In den folgenden Jahren war Kooperation sodann nicht mehr nur ein bildungspolitisches Schlagwort, sondern in der berufs-/wirtschaftspädagogischen sowie weiterbildungswissenschaftlichen Theorie und Forschung begannen von nun an die Diskussionen und Untersuchungen zu Bedingungen und Problemen von Lernorten und ihren Kooperationsbeziehungen (vgl. GREINERT 1979; KEIM/ OLBRICH/ SIEBERT 1973). Einen Einblick in die damalige berufs- und wirtschaftspädagogische Literatur gibt KIPP (1979) in seinem kommentierten Schriftenverzeichnis zur "Lernortproblematik".

Während sich die jüngere berufs- und wirtschaftspädagogische Auseinandersetzung mit und Forschung von Lernortkooperationen seither vor allem auf den Austausch und die Abstimmung zwischen den beiden Partnern im Dualen System (vgl. z.B. BUSCHFELD 1994; PÄTZOLD/ WALDEN 1995; EULER 1999) konzentriert, fokussieren vor dem Hintergrund der Programmatiken zur Regionalentwicklung Diskussionen und Untersuchungen in der Weiterbildung in erster Linie auf "Verbünde", "Runde Tische" oder "Qualifizierungsnetzwerke", also auf das Zusammenspiel zwischen mehreren unterschiedlichen an der regionalen Weiterbildungsgestaltung Beteiligten (vgl. DOBISCHAT/ HUSEMANN 1995; 1997; DOBISCHAT 1999; FAULSTICH/ ZEUNER 1999; BÜCHTER 2000; WILBERS 2002). Auch wenn es in diesen genannten Forschungsbereichen primär um die Frage der interinstitutionellen Kooperationen geht, wird hierbei jeweils deutlich, dass auch interne Strukturen, Entscheidungs- und Kommunikationswege der einzelnen Institutionen in den Blick genommen werden müssen.

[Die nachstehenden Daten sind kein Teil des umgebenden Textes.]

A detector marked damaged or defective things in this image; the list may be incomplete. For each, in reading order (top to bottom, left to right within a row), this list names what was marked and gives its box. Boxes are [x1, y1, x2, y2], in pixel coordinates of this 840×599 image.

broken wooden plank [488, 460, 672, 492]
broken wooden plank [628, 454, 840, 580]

Institutionsinterne Kooperation wird beispielsweise dort thematisiert, wo es um die Frage nach der Führung und Autonomie von Berufsschulen (vgl. DUBS 1994; 1997; LISOP 1998), um Schulinnovations- (CAPAUL 2002) oder Schulentwicklungsprozesse (vgl. z.B. GERDS/ LUND 2000; VON RÜDEN 2000; STARK/ FITZNER/ SCHUBERT 1995; PHILIPP/ROLFF 1999), um Organisationsentwicklung und Wissensmanagement (vgl. HUISINGA/LISOP 1999) geht. Insbesondere im Kontext bildungspolitischer und berufspädagogischer Konzepte beispielsweise zu "Lernfeldern" (vgl. HUISINGA/ LISOP/ SPEIER 1999; LIPSMEIER 2000) oder zur "Weiterentwicklung der Berufsschule zu Zentren der beruflichen Aus- und Weiterbildung" (KUTSCHA 1995) bzw. zu "Kompetenzzentren" (BUND-LÄNDER-KOMMISSION 2002) spielt die berufsschulinterne Kooperation als Reformbedingung eine wichtige Rolle.

Welche strukturellen Veränderungen in oder mit der Berufsschule auch geplant sind, ihre Umsetzungen erfordern also Kooperationen, berufsschulintern und mit anderen relevanten Institutionen. Aber auch unabhängig von größeren Innovationen können sich die Akteure der Berufsschule Kooperationen untereinander oder mit schulexternen Institutionen und Akteuren nicht entziehen. Eine Berufsschule kann nicht entscheiden, ob sie kooperieren will oder nicht. Kooperation, samt ihres Aufbaus, ihrer Pflege, ihrer Modifikation ist eines ihrer konstitutiven Merkmale, sie ist Voraussetzung für ihre Funktionsfähigkeit, Existenzsicherung und für die Erfüllung ihrer zentralen Ziele.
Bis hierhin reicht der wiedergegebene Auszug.